WITH a new marching season approaching, the red lights are flashing danger as attempts to establish dialogue and mediation between residents groups and the Orange Order across the North have broken down or stalled.
The first test in what could be yet another season of confrontation and disorder could take place at Easter, which falls towards the end of March this year, when an Orange parade is due to take place on the Ormeau Road in Belfast.
Yesterday it emerged that members of the Orange Lodge of Dunloy, the predominantly Catholic Antrim village which was the centre of much confrontation last year, have broken off discussions after a meeting with the Mediation Network.
A lodge spokesman, Mr John Finlay, said there would be no further discussion. He said: "The residents group in Dunloy could not deliver, and that is the fundamental flaw - that they don't seem to want to deliver or cannot deliver or, when we do get some agreement through a third party, then they move the goalposts.
A local SDLP representative, Mr Sean Farren, said it was a matter of regret that the Orange Order had withdrawn.

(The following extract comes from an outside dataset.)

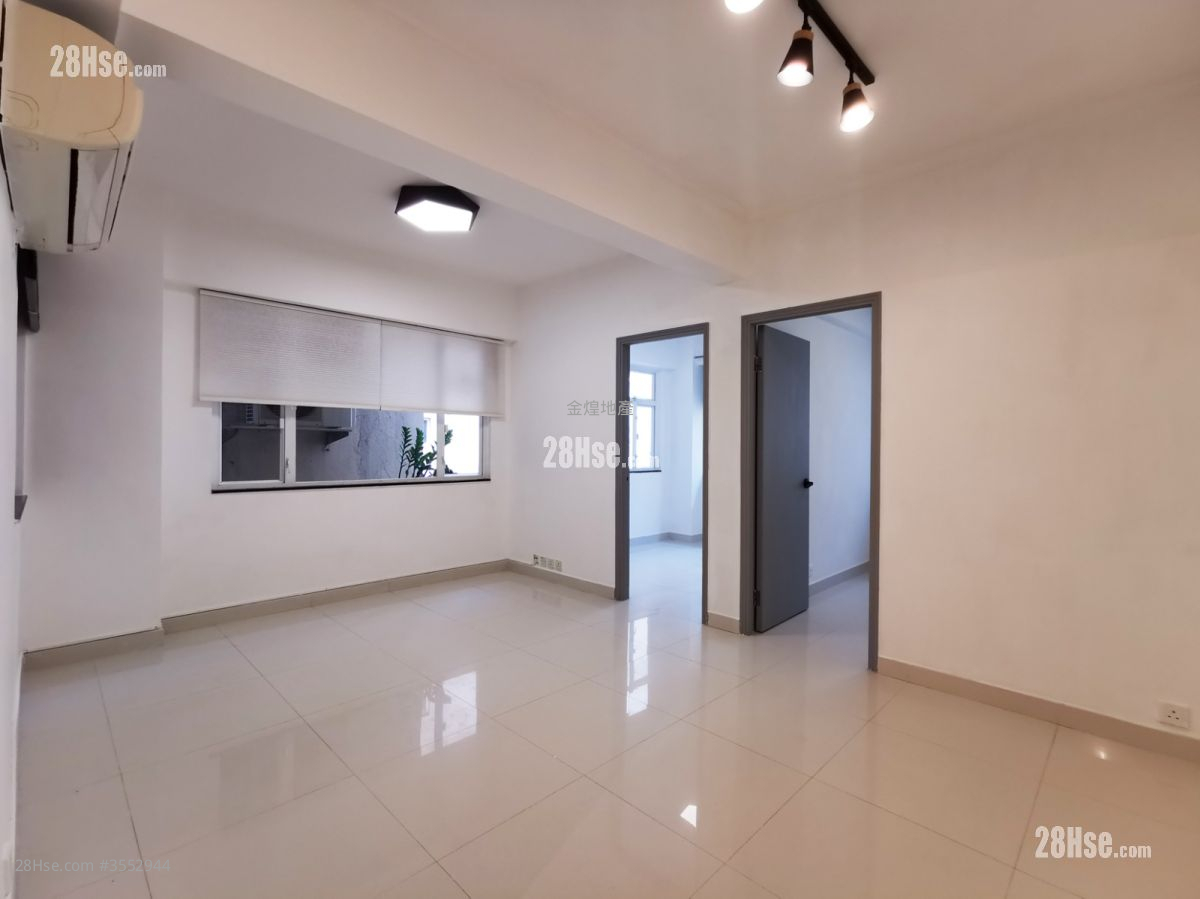 Yu Fung Building Sell 2 Bedrooms , 1 Bathroom 561 ft² ( 52.1 m² )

The local lodge will meet the RUC Chief Constable, Mr Ronnie Flanagan, tomorrow to discuss the issue. Only robust and decisive action by Mr Flanagan prevented a pitched battle in Dunloy last August when buses carrying about 1,000 Apprentice Boys home from their annual parade in Derry diverted to Dunloy with the intention of marching through the village.
When the Apprentice Boys refused to desist and tried to bypass police lines and get at the village through fields, the RUC used batons to force them back onto the buses.
Most local Orange lodges in flashpoint areas are continuing to refuse to talk to residents groups about compromise arrangements for this year's marches.
This policy was supported yesterday by the assistant Grand Master of the order and leading UUP politician, Mr Jeffrey Donaldson, when he asserted that Sinn Fein was orchestrating a widespread protest campaign against marches this year.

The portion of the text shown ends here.